Kidney Foundation of Northwest Ohio
3100 W. Central Avenue Suite 150
Toledo, Ohio 43606
Phone: 419.329.2196
Fax: 419.531.6080

Patient Services Guidelines

For assistance ask your dialysis center social worker.

 

EMERGENCY ASSISTANCE FUND

PURPOSE: This service is intended as emergency assistance for essential medical and non-medical needs. Consideration will only be given after all other forms of assistance have been explored. Assistance is intended to supplement the cost of a particular need and not necessarily intended to cover the full cost . No financial assistance will be made for doctor or hospital bills.

Guidelines

- Chronic Renal Failure (requires dialysis or transplant to sustain life)
- Live or dialyze within service area of the Kidney Foundation of Northwest Ohio

Essential Medical Need

- Transportation (medical purposes only)
- Prescription Medications
- Nutritional Supplements
- Medical Equipment

GENERAL FINANCIAL ASSISTANCE

PURPOSE: This service is intended as temporary assistance for transportation or medication needs.
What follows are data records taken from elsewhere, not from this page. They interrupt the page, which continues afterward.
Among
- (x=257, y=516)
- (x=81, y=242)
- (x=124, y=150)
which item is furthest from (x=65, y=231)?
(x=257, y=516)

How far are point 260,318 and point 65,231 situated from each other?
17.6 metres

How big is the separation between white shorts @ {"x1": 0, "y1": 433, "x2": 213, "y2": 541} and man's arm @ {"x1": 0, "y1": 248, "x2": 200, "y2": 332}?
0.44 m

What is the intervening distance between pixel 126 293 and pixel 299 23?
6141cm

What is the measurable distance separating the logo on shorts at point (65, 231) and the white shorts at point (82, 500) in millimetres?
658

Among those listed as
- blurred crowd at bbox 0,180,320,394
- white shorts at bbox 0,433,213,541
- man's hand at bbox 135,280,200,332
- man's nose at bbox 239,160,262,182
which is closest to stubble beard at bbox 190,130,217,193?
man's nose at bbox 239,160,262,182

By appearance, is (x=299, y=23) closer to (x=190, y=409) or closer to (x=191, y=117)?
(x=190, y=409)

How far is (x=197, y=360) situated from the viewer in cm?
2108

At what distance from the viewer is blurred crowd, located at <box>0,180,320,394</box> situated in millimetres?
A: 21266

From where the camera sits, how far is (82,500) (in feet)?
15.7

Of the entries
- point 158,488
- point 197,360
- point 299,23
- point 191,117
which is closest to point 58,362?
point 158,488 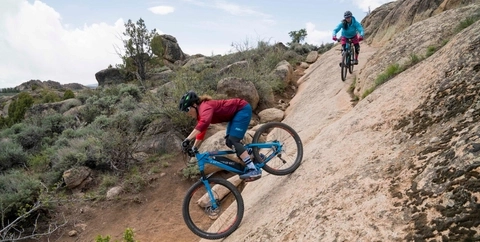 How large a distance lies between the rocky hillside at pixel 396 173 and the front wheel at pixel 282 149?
18cm

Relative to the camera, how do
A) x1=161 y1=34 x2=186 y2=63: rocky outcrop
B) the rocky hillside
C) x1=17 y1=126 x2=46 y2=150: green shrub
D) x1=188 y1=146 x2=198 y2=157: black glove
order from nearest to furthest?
the rocky hillside < x1=188 y1=146 x2=198 y2=157: black glove < x1=17 y1=126 x2=46 y2=150: green shrub < x1=161 y1=34 x2=186 y2=63: rocky outcrop

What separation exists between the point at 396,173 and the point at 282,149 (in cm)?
230

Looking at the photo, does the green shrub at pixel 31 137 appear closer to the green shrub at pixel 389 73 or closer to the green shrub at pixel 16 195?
the green shrub at pixel 16 195

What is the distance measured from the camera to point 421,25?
785cm

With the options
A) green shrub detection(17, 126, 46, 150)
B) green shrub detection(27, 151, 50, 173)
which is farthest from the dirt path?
green shrub detection(17, 126, 46, 150)

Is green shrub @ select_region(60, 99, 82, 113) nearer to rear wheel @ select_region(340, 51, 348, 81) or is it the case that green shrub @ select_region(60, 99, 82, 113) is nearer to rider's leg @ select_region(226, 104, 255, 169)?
rear wheel @ select_region(340, 51, 348, 81)

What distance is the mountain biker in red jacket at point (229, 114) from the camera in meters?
4.32

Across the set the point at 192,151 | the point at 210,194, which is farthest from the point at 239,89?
the point at 192,151

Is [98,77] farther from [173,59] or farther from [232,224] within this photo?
[232,224]

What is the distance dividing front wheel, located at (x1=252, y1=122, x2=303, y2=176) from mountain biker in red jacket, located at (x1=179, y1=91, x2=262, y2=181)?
0.31 metres

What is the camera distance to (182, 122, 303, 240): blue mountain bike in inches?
169

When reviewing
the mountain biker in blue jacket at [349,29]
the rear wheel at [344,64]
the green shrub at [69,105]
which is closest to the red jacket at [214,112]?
the rear wheel at [344,64]

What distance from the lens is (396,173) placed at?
9.36ft

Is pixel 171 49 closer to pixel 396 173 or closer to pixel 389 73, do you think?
pixel 389 73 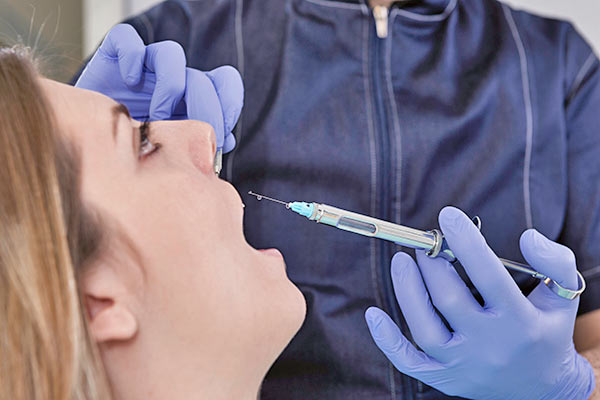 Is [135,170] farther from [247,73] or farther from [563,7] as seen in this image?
[563,7]

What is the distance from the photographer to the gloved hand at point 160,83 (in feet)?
3.38

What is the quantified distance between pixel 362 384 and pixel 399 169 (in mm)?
415

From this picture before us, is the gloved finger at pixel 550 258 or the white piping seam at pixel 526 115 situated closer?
the gloved finger at pixel 550 258

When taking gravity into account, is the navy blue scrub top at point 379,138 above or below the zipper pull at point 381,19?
below

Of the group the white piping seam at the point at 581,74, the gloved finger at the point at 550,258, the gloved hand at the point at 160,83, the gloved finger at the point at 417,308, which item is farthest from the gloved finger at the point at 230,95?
the white piping seam at the point at 581,74

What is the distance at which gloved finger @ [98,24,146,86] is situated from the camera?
40.4 inches

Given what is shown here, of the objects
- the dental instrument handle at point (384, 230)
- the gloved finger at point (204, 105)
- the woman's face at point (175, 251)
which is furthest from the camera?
the gloved finger at point (204, 105)

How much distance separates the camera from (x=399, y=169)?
1207mm

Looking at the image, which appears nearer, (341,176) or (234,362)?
(234,362)

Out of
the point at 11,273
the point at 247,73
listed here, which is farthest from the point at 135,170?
the point at 247,73

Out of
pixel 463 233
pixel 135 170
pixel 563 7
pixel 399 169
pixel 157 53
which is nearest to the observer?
pixel 135 170

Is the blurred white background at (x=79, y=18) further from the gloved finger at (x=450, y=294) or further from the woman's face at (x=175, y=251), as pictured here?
the gloved finger at (x=450, y=294)

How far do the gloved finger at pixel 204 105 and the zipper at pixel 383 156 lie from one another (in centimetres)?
34

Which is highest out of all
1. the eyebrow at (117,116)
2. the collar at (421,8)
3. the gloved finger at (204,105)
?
the collar at (421,8) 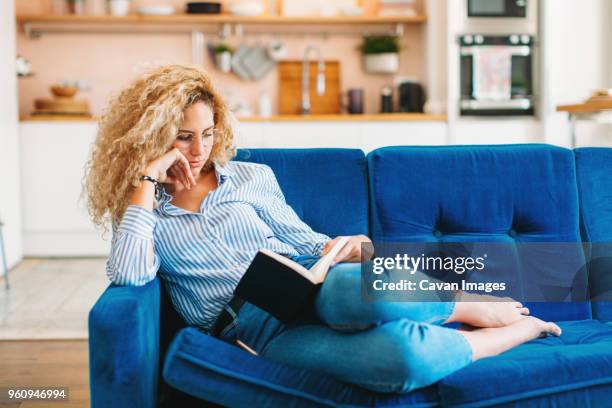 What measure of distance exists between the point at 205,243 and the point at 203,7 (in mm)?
3690

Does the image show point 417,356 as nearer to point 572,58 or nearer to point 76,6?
point 572,58

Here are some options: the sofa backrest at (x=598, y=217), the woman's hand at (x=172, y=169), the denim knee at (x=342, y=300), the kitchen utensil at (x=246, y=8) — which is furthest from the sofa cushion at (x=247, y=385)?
the kitchen utensil at (x=246, y=8)

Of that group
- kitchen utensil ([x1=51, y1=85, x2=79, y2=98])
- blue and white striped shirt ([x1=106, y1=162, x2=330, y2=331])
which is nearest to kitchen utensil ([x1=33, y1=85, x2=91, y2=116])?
kitchen utensil ([x1=51, y1=85, x2=79, y2=98])

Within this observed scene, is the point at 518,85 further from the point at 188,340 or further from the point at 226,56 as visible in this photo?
the point at 188,340

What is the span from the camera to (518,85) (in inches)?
204

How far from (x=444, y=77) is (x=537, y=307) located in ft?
10.6

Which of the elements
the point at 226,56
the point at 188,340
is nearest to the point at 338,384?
the point at 188,340

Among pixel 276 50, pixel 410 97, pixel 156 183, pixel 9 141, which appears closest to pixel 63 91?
pixel 9 141

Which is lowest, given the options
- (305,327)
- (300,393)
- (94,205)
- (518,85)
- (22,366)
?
(22,366)

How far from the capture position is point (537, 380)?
1.74 m

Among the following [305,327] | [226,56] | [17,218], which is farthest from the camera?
[226,56]

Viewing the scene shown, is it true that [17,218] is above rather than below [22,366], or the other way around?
above

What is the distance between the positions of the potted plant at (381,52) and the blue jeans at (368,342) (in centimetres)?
388

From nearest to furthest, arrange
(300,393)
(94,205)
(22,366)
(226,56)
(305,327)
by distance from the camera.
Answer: (300,393) < (305,327) < (94,205) < (22,366) < (226,56) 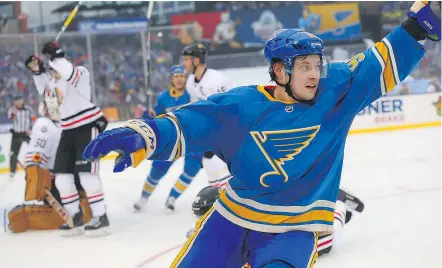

Consideration will only be given after all other forms of assistance have been explored. Assistance is intended to supplement the cost of a particular need and not necessarily intended to cover the full cost. No financial assistance will be made for doctor or hospital bills.

Guidelines

- Chronic Renal Failure (requires dialysis or transplant to sustain life)
- Live or dialyze within service area of the Kidney Foundation of Northwest Ohio
- Eligibility is determined based on review of Financial Summary forms
- Income at or below 150% of Poverty Guidelines as determined by the 2015 Federal Poverty     Guidelines.